Thursday, October 25, 2012

A Tale Of Two Polls

I mentioned last time out that the more Obama friendly polling assumes Democrats will enjoy similar advantages in enthusiasm compared to Republicans that they did in 2008. You can see this assumption built into some of the polling. For example, this recently released Time magazine poll which shows Obama up 5 points in Ohio and which many lefties are convinced means the election is over.

If you look at he internals of the poll you discover the pollsters have broken down the Ohio electorate as follows:

Democrat: 37%
Republican: 28%
Independent: 29%

(The numbers don't add up to 100% in the above because 40 something respondents answered something else.)

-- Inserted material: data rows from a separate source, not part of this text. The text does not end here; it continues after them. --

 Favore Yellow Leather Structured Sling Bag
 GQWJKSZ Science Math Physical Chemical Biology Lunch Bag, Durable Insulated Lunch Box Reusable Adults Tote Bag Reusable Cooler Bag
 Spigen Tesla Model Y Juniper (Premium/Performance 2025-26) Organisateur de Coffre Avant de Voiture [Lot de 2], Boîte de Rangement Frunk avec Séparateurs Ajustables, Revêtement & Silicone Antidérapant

Now, lets compare this to the Suffolk University poll which found the race a dead heat.

Democrat: 39%
Republican: 35%
Independent: 27%

Very, very different samples, you will agree. So different, in fact, that the Time sample seems to be measuring an "Ohio" in a alternate universe (presumably one in which the sky is always fuchsia.) Indeed, no other poll listed by Real Clear Politics is claiming Independents outnumber Republicans in Ohio. However, that is the sample Time is using. When you look at the exit polling from 2008, when everything, and I mean everything was breaking in Obama's favor the partisan split between Democrat and Republican was only +8D. That's right, Time is telling us this election will break even more favorably for Obama than 2008 at +9D.

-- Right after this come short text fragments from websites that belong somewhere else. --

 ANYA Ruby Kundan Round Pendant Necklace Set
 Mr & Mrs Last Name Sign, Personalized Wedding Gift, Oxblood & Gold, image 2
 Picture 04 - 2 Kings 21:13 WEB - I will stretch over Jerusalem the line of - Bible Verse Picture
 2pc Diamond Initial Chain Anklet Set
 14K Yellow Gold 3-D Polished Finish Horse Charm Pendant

The way they achieve this "result" is by skewing the gender numbers. In the Time sample a full 65% of Democratic respondents are women, in the Republican sample its a 50/50 split (exactly.) The only way they make the whole thing not look ridiculous is by making the Independent sample skew male heavy at 57%.  As males as a group break heavily for Romney this gender imbalance has the effect of depressing Romney's vote total among Republicans and pumping up Obama's score among Democrats. Time has Romney winning among Republicans by 84% to 11%, while McCain won 92% to 8%.  Meanwhile they have Obama winning amongst Democrats 92% to 6%, while in 2008 those numbers were 89% to 11%.

Among Independents Romney is ahead 53% to 38%. In 2008 Independents went for Obama by a 52% to 44% margin.

Any way you want to slice it, it don't add up.